Question

How many four letter words, with or without meaning, can be formed by using the letters of the word “EQUATION” such that at least one vowel should be included in each word and repetition of letters is not allowed?
A). 1680
B). 3410
C). 450
D). 2360

Answer 1

Hint: In the word “EQUATION”, there are 5 vowels and 3 consonants. To make a four letter word we can select one vowel and 3 consonants or 2 vowels and 2 consonants or 3 vowels and 1 consonant or only 4 vowels. Since the arrangement of the letters matters, use a permutation formula.
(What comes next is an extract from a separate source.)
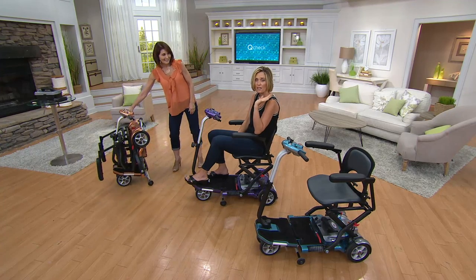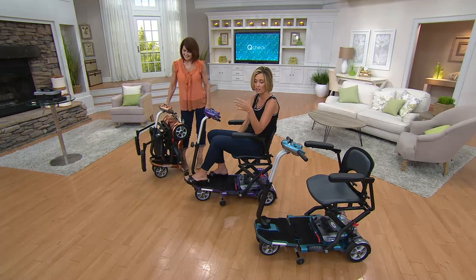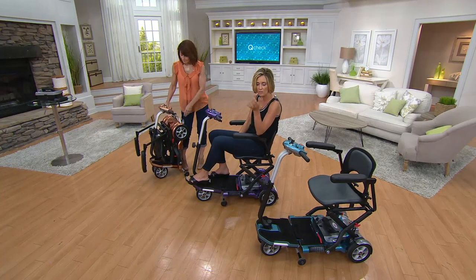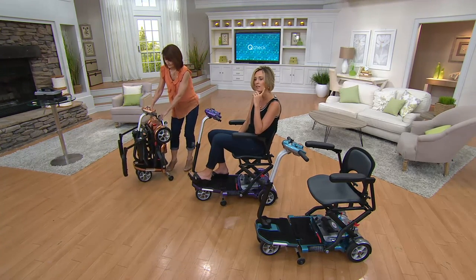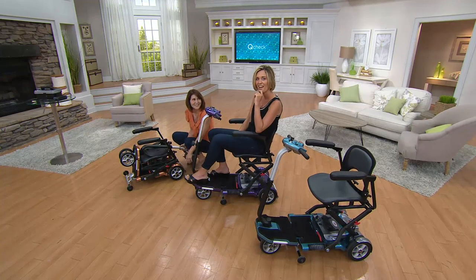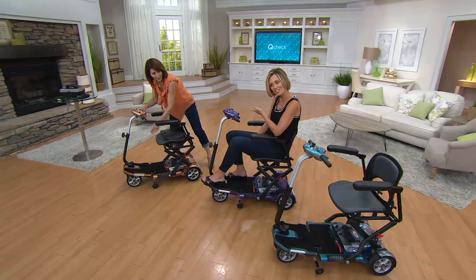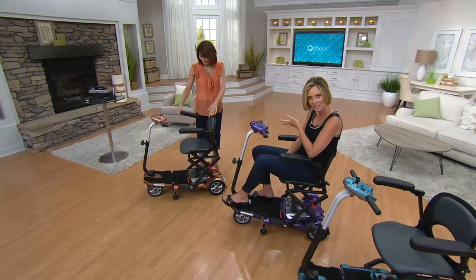It used to be if you got something similar to this, first of all it wasn't as good looking, and second of all you had to have a garage for it. This you can actually store somewhere. Let me tell you about our colors — one of the things I love about Denise is that she always matches her product. She's wearing her copper shirt today because she's showing the copper EV Rider.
Complete step-by-step answer:
We know that a permutation is the choice or r thing from a set of n things without replacement and where the order matters.
The formula of permutation is:
${}^{n}{{P}_{r}}=\dfrac{n!}{\left( n-r \right)!}$
Here the given word is “EQUATION”. There are 8 letters in this word. 5 of them are vowels and 3 of them are consonants. We need to form 4 letter words such that at least one vowel should be there in each word.
That means, we can select 1 vowel and 3 consonants or 2 vowels and 2 consonants or 3 vowels and 1 consonant or 4 vowels.
If we change the order of selection then the word will also change. Therefore here the order of selection matters. Hence, we need to use the permutation formula.
Now, if we make the words using 1 vowel and 3 consonants, number of such words will be:
${}^{5}{{P}_{1}}\times {}^{3}{{P}_{3}}$
$=\dfrac{5!}{\left( 5-1 \right)!}\times \dfrac{3!}{\left( 3-3 \right)!}$
$=\dfrac{5!\times 3!}{4!\times 1}$ , as 0! = 1.
$=\dfrac{5\times 4!\times 6}{4!}=30$
If we make the words using 2 vowels and 2 consonants, number of such words will be:
${}^{5}{{P}_{2}}\times {}^{3}{{P}_{2}}$
$=\dfrac{5!}{\left( 5-2 \right)!}\times \dfrac{3!}{\left( 3-2 \right)!}$
$=\dfrac{5!\times 3!}{3!\times 1!}$
$=5!=5\times 4\times 3\times 2\times 1=120$
Now, if we make the words using 3 vowels and 1 consonant, number of such words will be:
${}^{5}{{P}_{3}}\times {}^{3}{{P}_{1}}$
$=\dfrac{5!}{\left( 5-3 \right)!}\times \dfrac{3!}{\left( 3-1 \right)!}$
$=\dfrac{5!\times 3!}{2!\times 2!}$
$=\dfrac{5\times 4\times 3\times 2!\times 3\times 2!}{2!\times 2!}=180$
Now, if we make the words using 4 vowels, number of such words will be:
${}^{5}{{P}_{4}}$
$=\dfrac{5!}{\left( 5-4 \right)!}$
$=\dfrac{5!}{1!}$
$=5!=5\times 4\times 3\times 2\times 1=120$
Therefore, total number 4 letter words with at least one vowel will be (30 + 120 + 180 + 120) = 450.
Hence, option (C) is correct.

Note: We can make mistakes while we are deciding to use permutation. We need to understand, if the arrangement of the letters changes, the word will also change. So the arrangement matters here. Therefore, we have to use permutation.